ECLI:NL:RBZWB:2025:2479

Rechtbank Zeeland-West-Brabant

Datum uitspraak
25 april 2025
Publicatiedatum
25 april 2025
Zaaknummer
BRE 21/5162
Instantie
Rechtbank Zeeland-West-Brabant
Type
Uitspraak
Procedures
  • Eerste aanleg - enkelvoudig
Vindplaatsen
  • Rechtspraak.nl
AI samenvatting door LexboostAutomatisch gegenereerd

Verzet tegen niet-ontvankelijk verklaring van beroep inzake WOZ-beschikking en onroerendezaakbelasting

Op 25 april 2025 heeft de Rechtbank Zeeland-West-Brabant uitspraak gedaan in een verzetprocedure van belanghebbende B.V. tegen de heffingsambtenaar van de gemeente Waalwijk. Het verzet betreft een eerdere uitspraak van de rechtbank van 11 oktober 2024, waarin het beroep van belanghebbende niet-ontvankelijk was verklaard wegens het ontbreken van een juiste machtiging. De rechtbank heeft het verzet behandeld op 11 april 2025, waarbij mr. D.A.N. Bartels als gemachtigde van belanghebbende aanwezig was, evenals een vertegenwoordiger van de heffingsambtenaar.

De rechtbank heeft vastgesteld dat mr. Bartels niet heeft voldaan aan de verzoeken om een machtiging en uittreksels uit het handelsregister van belanghebbende te overleggen. Ondanks herhaalde verzoeken van de rechtbank heeft belanghebbende geen uittreksel ingediend, wat heeft geleid tot de niet-ontvankelijkheid van het beroep. In het verzet heeft mr. Bartels aangevoerd dat hij geen kans heeft gekregen om het verzuim te herstellen. De rechtbank heeft echter geoordeeld dat het verzet ongegrond is, omdat de verplichting tot het overleggen van de machtiging en uittreksels duidelijk was en niet is nageleefd.

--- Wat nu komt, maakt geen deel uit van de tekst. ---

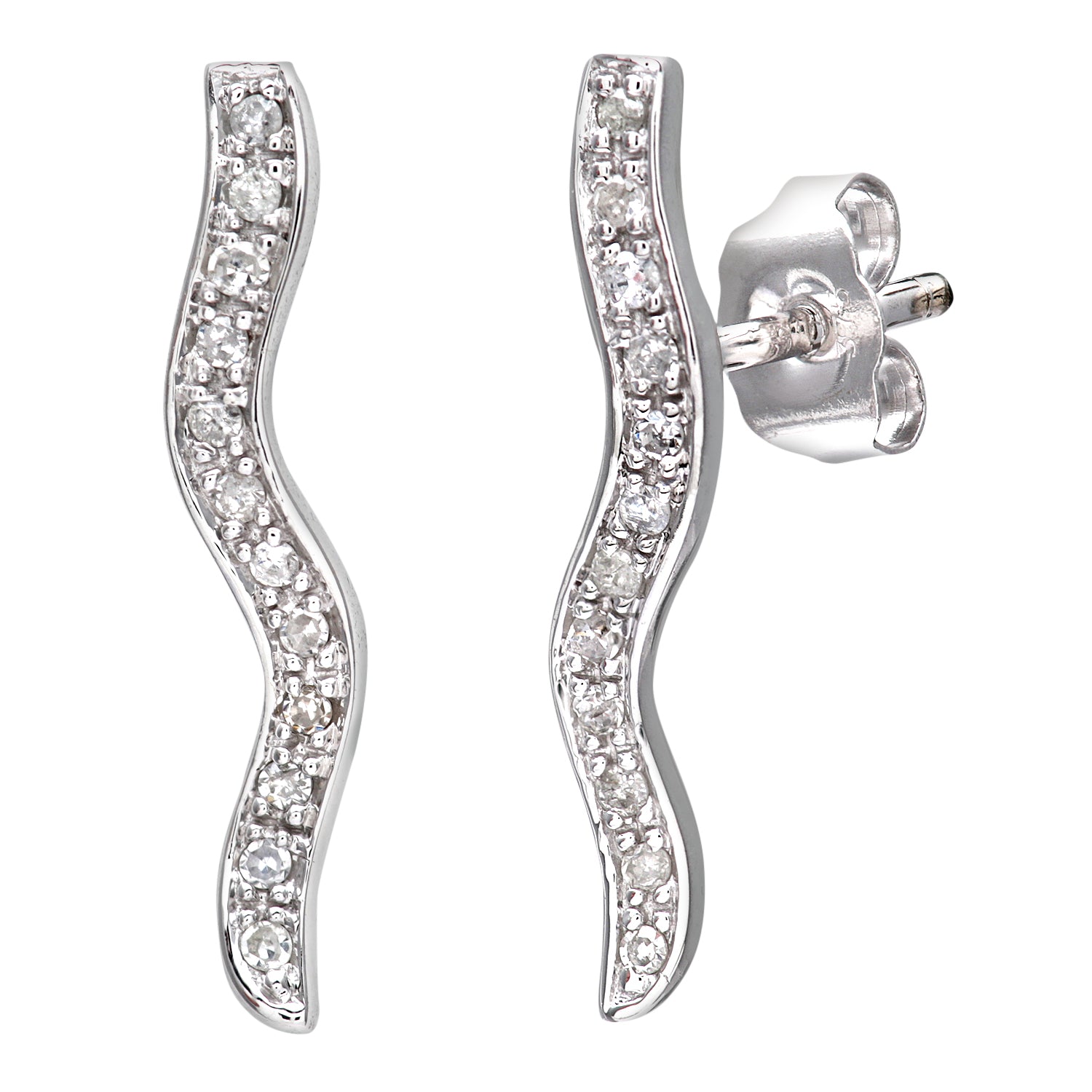 Ladies 9ct White Gold Diamond Drop Earrings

De rechtbank concludeert dat de eerdere uitspraak in stand blijft en dat er geen aanleiding is voor een proceskostenveroordeling of voor het toekennen van immateriële schadevergoeding, aangezien mr. Bartels niet bevoegd was om namens belanghebbende een verzoek daartoe in te dienen. De uitspraak is openbaar gemaakt en partijen zijn geïnformeerd over de mogelijkheid om binnen zes weken beroep in cassatie in te stellen bij de Hoge Raad der Nederlanden.

Uitspraak

RECHTBANK ZEELAND-WEST-BRABANT

Zittingsplaats Breda
Belastingrecht
zaaknummer: BRE 21/5162

uitspraak van de enkelvoudige kamer van 25 april 2025 op het verzet van

[belanghebbende] B.V., uit [plaats] , belanghebbende

(gemachtigde: mr. D.A.N. Bartels),
tegen de uitspraak van de rechtbank van 11 oktober 2024 in het geding tussen
belanghebbende
en

de heffingsambtenaar van de gemeente Waalwijk, de heffingsambtenaar.

Inleiding

1. Deze uitspraak op het verzet van belanghebbende gaat over de uitspraak van de rechtbank van 11 oktober 2023 waarin de rechtbank het beroep van belanghebbende niet-ontvankelijk heeft verklaard, wegens het niet overleggen van een juiste machtiging. Het beroep ziet op de WOZ-beschikking voor het object [adres] , alsmede de gelijktijdig opgelegde aanslag onroerendezaakbelasting en rioolheffing met aanslagnummer [nummer] .
1.1.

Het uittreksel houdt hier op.